The `rte_timer_manage()` call itself is not free — it walks the timer skip list
on each invocation, adding overhead that a direct TSC comparison in plain l2fwd
avoids.
## 6. The Double RX Burst is Questionable
```c
total_nb_rx = rte_eth_rx_burst(portid, 0, pkts_burst, MAX_PKT_BURST);
// ... forward all ...
if (total_nb_rx == MAX_PKT_BURST) {
const uint16_t nb_rx = rte_eth_rx_burst(portid, 0, pkts_burst,
MAX_PKT_BURST);
// ... forward these too ...
}
```
The comment says this "allows rte_jobstats logic to see if this function must
be called more frequently." The total is fed to `rte_jobstats_finish()` which
compares against the target. But this means `total_nb_rx` can be up to 64 while
the target is 32, and the jobstats update callback sees `result > target` and
decreases the period. The asymmetric step sizes make this interaction even more
unpredictable. This also means the prefetch pattern is suboptimal — the first
batch is prefetched and forwarded sequentially (prefetch one, forward one),
which doesn't give the prefetch enough lead time to be useful.

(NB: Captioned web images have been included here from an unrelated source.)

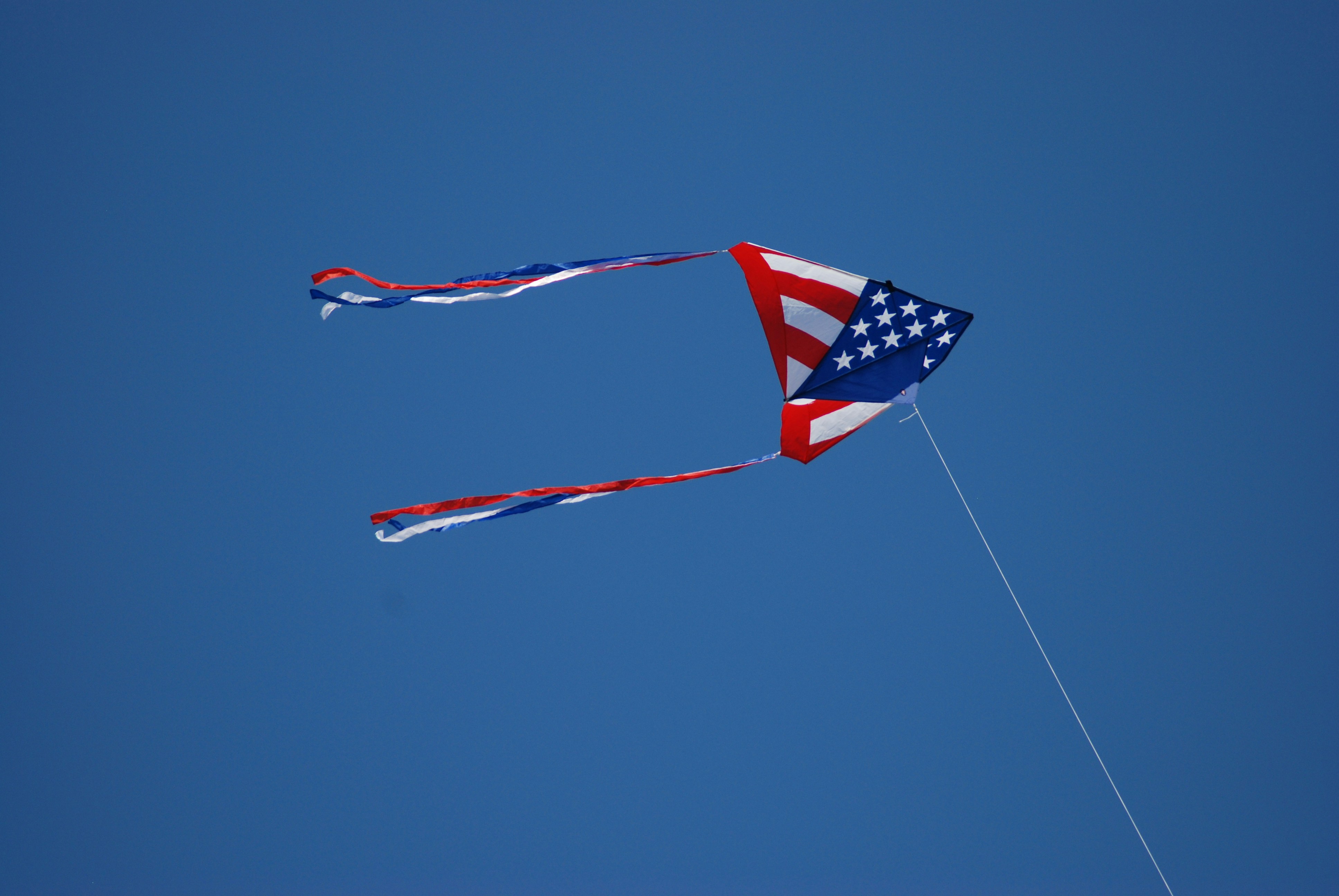 us a flag on pole during daytime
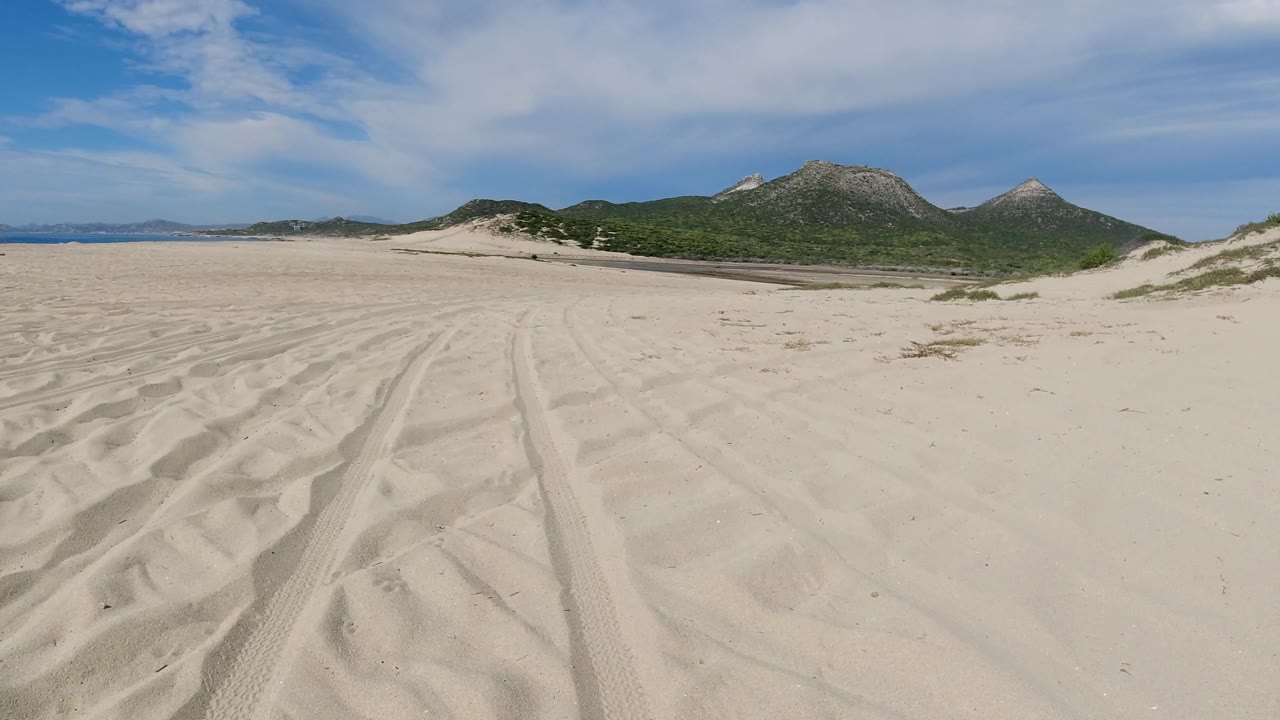 Empty pale sand with tire ruts, scrubby dunes, mountains, and clouded sky.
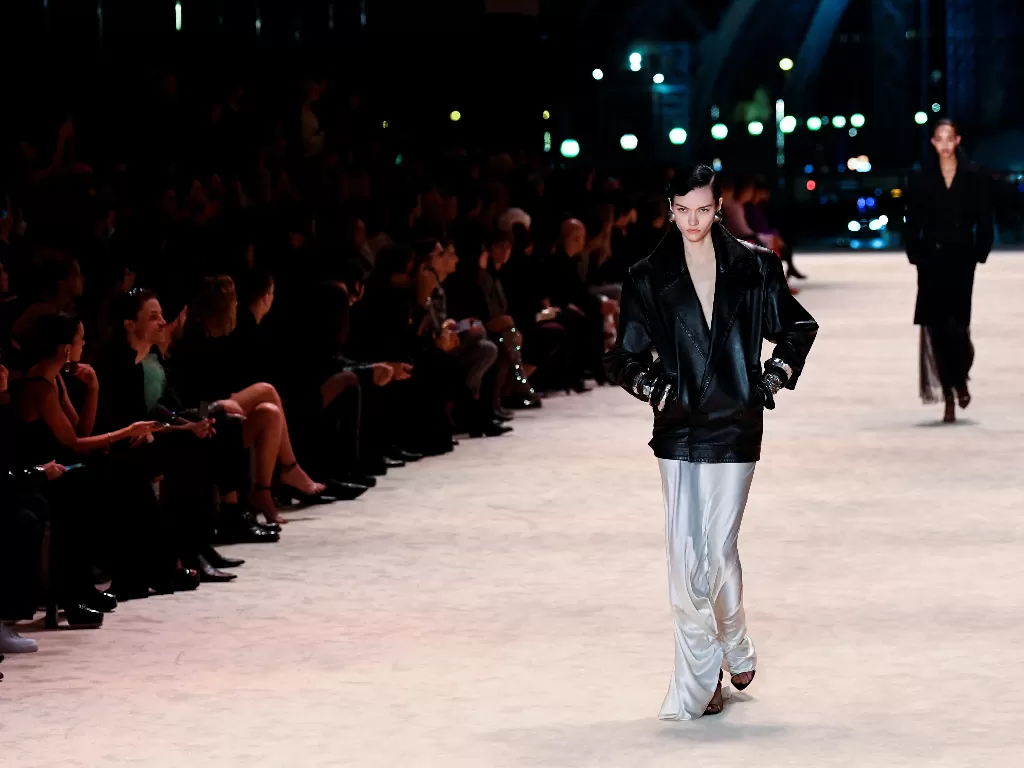 Para model mempersembahkan kreasi desainer Anthony Vaccarello sebagai bagian dari koleksi busana siap pakai Musim Gugur-Musim Dingin 2022/2023 untuk rumah mode Saint Laurent selama Paris Fashion Week di Paris, Prancis. (REUTERS/Piroschka van de Wouw)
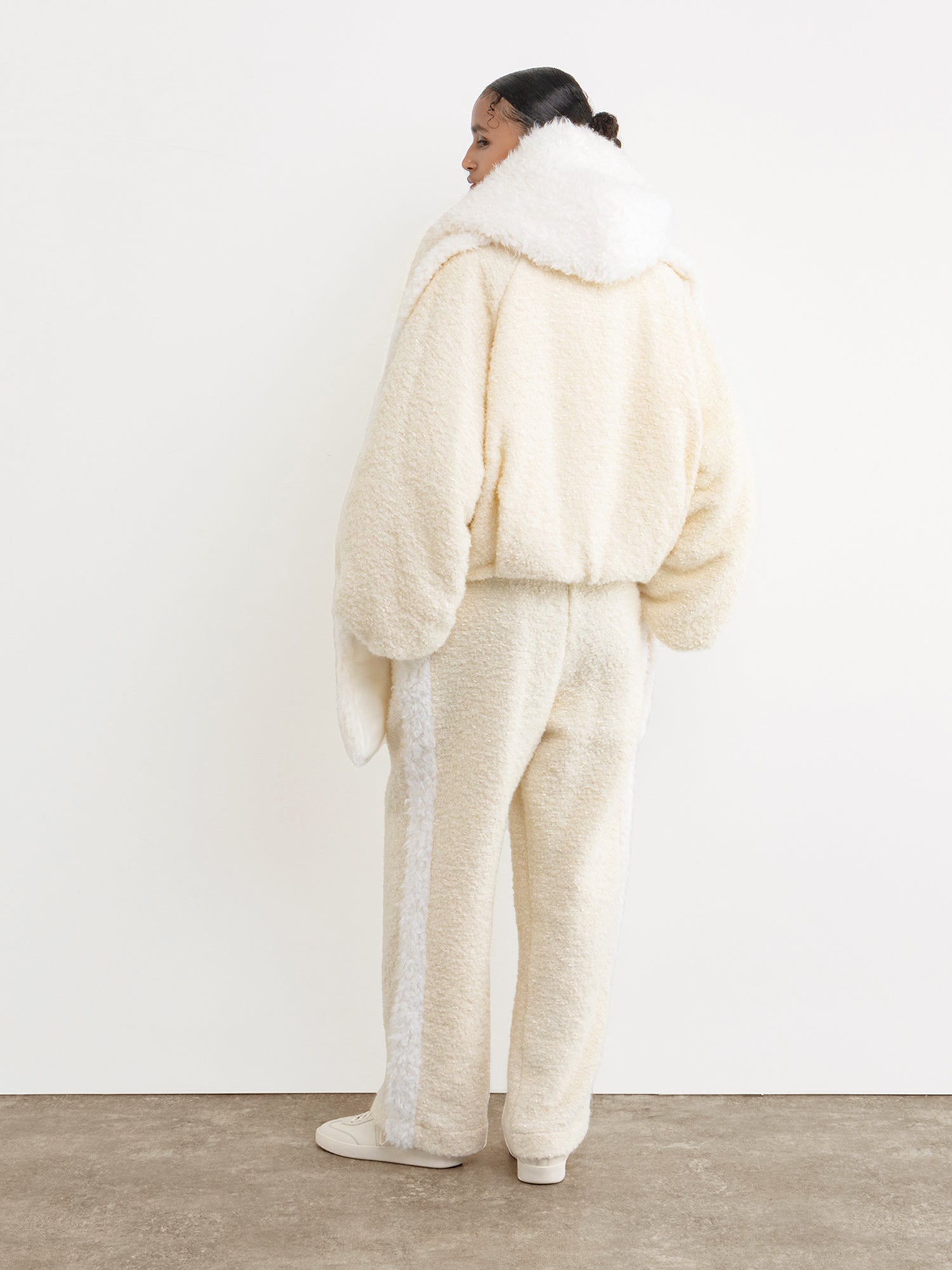 The model is 177 cm tall and is wearing a free size in White.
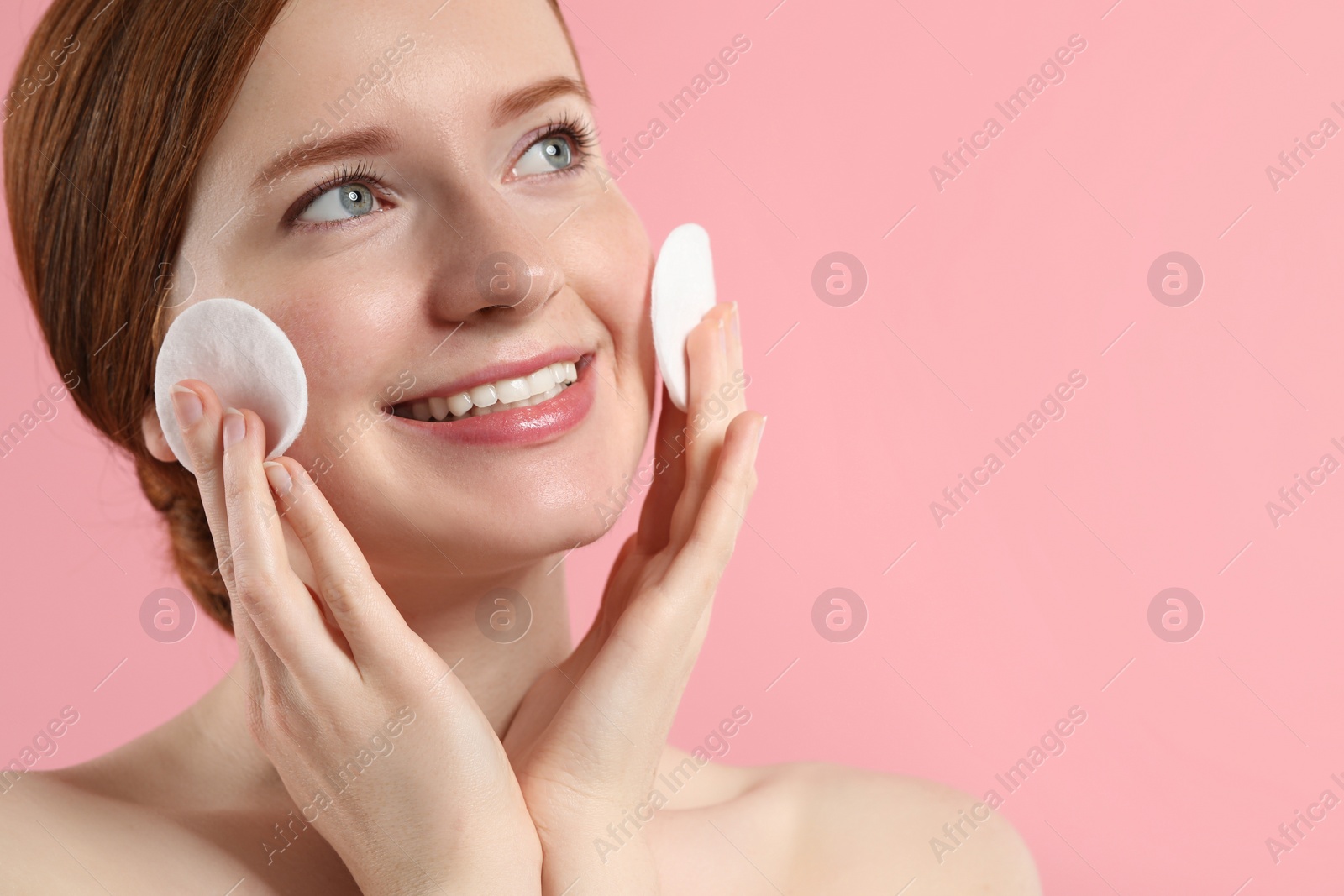 Photo of Smiling woman with freckles wiping face on pink background, closeup. Space for text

## 7. Argument Parsing Edge Cases
`l2fwd_parse_portmask()` returns `unsigned long` cast through `int` (0 means
error), so a mask of 0 is indistinguishable from a parse error. On 64-bit
systems where `unsigned long` is 64 bits but `l2fwd_enabled_port_mask` is
`uint32_t`, masks above 0xFFFFFFFF silently truncate. The port mask check `(1
<< portid)` throughout the code is undefined behavior for `portid >= 32` since
`1` is an `int`.
## 8. No Graceful Shutdown
There's no signal handler. The application can only be killed with
SIGKILL/SIGTERM, leaving ports in an undefined state (promiscuous mode enabled,
potentially with traffic still queued in TX buffers). The `rte_eal_cleanup()`
at the end is unreachable during normal operation since `l2fwd_main_loop()`
never returns.
## Summary Recommendations
If you're looking at cleaning this up or using it as a basis for review
guidelines:
The flush condition inversion should be treated as a bug fix. The main loop
should be restructured to separate the stats synchronization concern from the
packet processing path — a lock-free stats snapshot approach (double-buffering
or seqlock) would eliminate the spinlock entirely. The MAC address write needs
to use `rte_ether_addr` properly. The adaptive polling logic needs tunable
parameters and a more balanced step function. And ideally, the example should
be reconciled with plain l2fwd to show clearly what jobstats *adds* rather than
being a near-complete fork with structural divergence.